Because the design with the divided primary winding 300 can reduce the inter-layer voltage, both gap between the primary winding layer 311 and the primary winding layer 313 and gap between the primary winding layer 313 and the primary winding layer 315 (hereinafter referred to as “inter-layer gap”) may be shrunk to save space. However, when the inter-layer gap is shrunk, the leakage flux space between the secondary windings 400 and the primary winding 300 is reduced to decrease the short-circuit impedance. As mentioned previously, loss of short-circuit impedance caused by shrinkage of inter-layer gap can be compensated by adjusting the gap or the number of the winding sections 310 or the gap or the number of the secondary windings 400 even if the inter-layer gap is shrunk.

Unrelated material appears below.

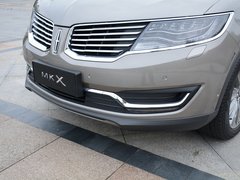 2017款 2.7T 四驱总统版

In some embodiments, as shown in FIG. 1, part of normal projections of the primary winding layers 311, 313, 315 on a surface 202 of the magnetic core 200 are located between normal projections of the pull-out portions 312, 314 on the surface 202 of the magnetic core 200. In other words, the pull-out portion 312 connects lower ends of the primary winding layers 311, 313, and the pull-out portion 314 connects upper ends of the primary winding layers 313, 315.
In some embodiments, as shown in FIG. 2, the primary winding layers 311, 313, 315 are arranged in concentric rings as viewed from the top. The primary winding layer 311 surrounds the magnetic core 200, the primary winding layer 313 surrounds the primary winding layer 311, and the primary winding layer 315 surrounds the primary winding layer 313. In some embodiments, the transformer further includes a plurality of primary stays 510 and a plurality of primary stays 520 to separate the primary winding layers 311, 313, 315 so as to facilitate heat dissipation.
In greater detail, as shown in FIG. 2, the plurality of primary stays 510 are disposed between the primary winding layer 311 and the primary winding layer 313 so as to separate the primary winding layer 311 and the primary winding layer 313. Furthermore, the magnetic core 200 has a circumference direction R. The circumference direction R is parallel with circumferences formed by winding around the axial direction A (see FIG. 1) of the magnetic core 200. The plurality of primary stays 510 are disposed between the primary winding layer 311 and the primary winding layer 313 and arranged along the circumference direction R of the magnetic core 200. Each of the primary stays 510 is separate from the other primary stays 510. A primary air duct 701 is defined within the two adjacent primary stays 510, the primary winding layer 311, and the primary winding layer 313. Since the primary winding layer 311 and the primary winding layer 313 are arranged along the radial direction D (see FIG. 1) of the magnetic core 200, a lengthwise direction of the primary air duct 701 between the primary winding layer 311 and the primary winding layer 313 can be parallel with the axial direction A (see FIG. 1) of the magnetic core 200.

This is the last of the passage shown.